En muchas civilizaciones, los varones suprimen algunos de sus rasgos sexuales secundarios, afeitándose la barba y el bigote. Las hembras se depilan las axilas. Dada su importante función de estímulo olfativo, hay que eliminar el vello de los sobacos si los vestidos corrientemente empleados dejan al descubierto esta región. El vello del pubis se oculta siempre con tanto cuidado que hace, general, innecesario aquel tratamiento, pero es interesante observar que también esta zona aparece con frecuencia afeitada en las modelos de los artistas, cuya desnudez no es sexual.
Además, se practica intensamente la desodoración del cuerpo. Este se lava y se baña con mucha mayor frecuencia de la requerida por los simples cuidados médicos o higiénicos. La sociedad suprime los olores del cuerpo y los desodorantes químicos comerciales se venden en grandes cantidades.
La mayoría de estos controles se mantienen con el sencillo e incontrovertibles subterfugio de referirse al fenómeno que restringen como «inelegante», «inconveniente» o «tosco». En cambio, raras veces se meciona o se tiene siquiera en cuenta la verdadera naturaleza antisexual de las restricciones. Se aplican también otros controles más patentes, en forma de artificiales códigos morales o de leyes sexuales. Estas varían considerablemente de una civilización a otra, pero la principal finalidad es siempre la misma: evitar la excitación sexual de los desconocidos y suprimir la interacción sexual fuera de la pareja. Para ayudar a la consecución de este fin, cosa reconocida como muy difícil incluso por los grupos más puritanos, se emplean diversas técnicas se subliminación. Por ejemplo, los deportes escolares y otras actividades físicas vigorosas son a veces fomentadas con la vana esperanza de que apaciguarán las exigencias sexuales. El cuidadoso estudio de este concepto y de su aplicación revela su indiscutible y lamentable fracaso. Los atletas no son ni más ni menos sexualmente activos que otros grupos. Lo que pierden por cansancio físico, lo ganan por aptitud física. El único método de comportamiento que parece tener alguna eficacia es el antiguo sistema del castigo y la recompensa: castigo para los excesos sexuales y recompensa para la contingencia sexual. Pero esto, desde luego, produce la represión, más que la disminución, del individuo.
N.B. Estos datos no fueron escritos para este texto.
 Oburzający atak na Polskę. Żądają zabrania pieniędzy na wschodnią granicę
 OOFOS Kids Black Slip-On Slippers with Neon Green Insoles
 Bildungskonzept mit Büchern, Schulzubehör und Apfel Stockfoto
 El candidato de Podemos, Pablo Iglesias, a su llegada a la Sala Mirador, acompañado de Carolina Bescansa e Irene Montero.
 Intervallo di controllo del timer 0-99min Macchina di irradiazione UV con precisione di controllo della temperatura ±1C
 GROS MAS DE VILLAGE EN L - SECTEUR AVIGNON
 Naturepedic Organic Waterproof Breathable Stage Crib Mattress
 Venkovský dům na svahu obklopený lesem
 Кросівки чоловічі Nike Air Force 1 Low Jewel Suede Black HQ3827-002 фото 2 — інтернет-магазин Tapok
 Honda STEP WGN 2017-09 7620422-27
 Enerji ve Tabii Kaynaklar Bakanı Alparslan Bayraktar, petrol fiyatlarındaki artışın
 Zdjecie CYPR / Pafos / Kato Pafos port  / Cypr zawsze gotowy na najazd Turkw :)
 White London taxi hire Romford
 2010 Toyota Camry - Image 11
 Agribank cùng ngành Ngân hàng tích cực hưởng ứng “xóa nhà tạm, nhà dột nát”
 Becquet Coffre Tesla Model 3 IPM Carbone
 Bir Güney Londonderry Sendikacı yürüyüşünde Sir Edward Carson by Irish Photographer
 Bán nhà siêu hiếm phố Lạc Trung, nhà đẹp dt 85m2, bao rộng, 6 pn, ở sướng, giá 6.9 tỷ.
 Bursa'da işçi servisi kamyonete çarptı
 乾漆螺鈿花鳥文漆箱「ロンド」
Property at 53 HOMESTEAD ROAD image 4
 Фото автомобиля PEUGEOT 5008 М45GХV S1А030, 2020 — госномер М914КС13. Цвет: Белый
Parece evidente que el anormal crecimiento de nuestras comunidades exigirá algunas medidas de esta clase para contrarrestar el creciente peligro social de un enorme aumento de actividades sexuales fuera de la pareja. Pero el mono desnudo, como primate de acentuada sexualidad, se resiste contra este tratamiento. Su naturaleza biológica se rebela sin cesar. En cuanto se aplican controles artificiales en un sentido, surgen inmediatamente las contramedidas. Esto conduce, a menudo, a unas situaciones ridículamente contradictorias.
La hembra se cubre los senos, y seguidamente acentúa su forma con un sostén. Este artificioso estimulante sexual puede ser almohadillado o hinchable, de forma que no solamente rehaga la forma oculta, sino que también la realce y la aumente, imitando de esta suerte la hinchazón de los senos que se produce durante la excitación sexual. En algunos casos, las hembras que tienen los senos flácidos llegan al extremo de acudir a la cirugía estética, sometiéndolos a inyecciones subcutáneas de cera para lograr efectos parecidos, pero más permanentes.